Directions for this task
The records below must be transcribed exactly.

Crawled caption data
********************

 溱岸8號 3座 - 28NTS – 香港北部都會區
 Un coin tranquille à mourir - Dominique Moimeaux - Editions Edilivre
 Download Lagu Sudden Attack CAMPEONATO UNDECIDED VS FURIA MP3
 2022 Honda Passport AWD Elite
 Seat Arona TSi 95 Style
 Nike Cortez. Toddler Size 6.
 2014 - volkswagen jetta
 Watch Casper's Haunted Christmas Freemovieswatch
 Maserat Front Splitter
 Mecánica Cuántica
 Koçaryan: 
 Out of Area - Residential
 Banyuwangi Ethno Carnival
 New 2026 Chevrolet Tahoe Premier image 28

********************

Worked solution
 溱岸8號 3座 - 28NTS – 香港北部都會區
 Un coin tranquille à mourir - Dominique Moimeaux - Editions Edilivre
 Download Lagu Sudden Attack CAMPEONATO UNDECIDED VS FURIA MP3
 2022 Honda Passport AWD Elite
 Seat Arona TSi 95 Style
 Nike Cortez. Toddler Size 6.
 2014 - volkswagen jetta
 Watch Casper's Haunted Christmas Freemovieswatch
 Maserat Front Splitter
 Mecánica Cuántica
 Koçaryan: 
 Out of Area - Residential
 Banyuwangi Ethno Carnival
 New 2026 Chevrolet Tahoe Premier image 28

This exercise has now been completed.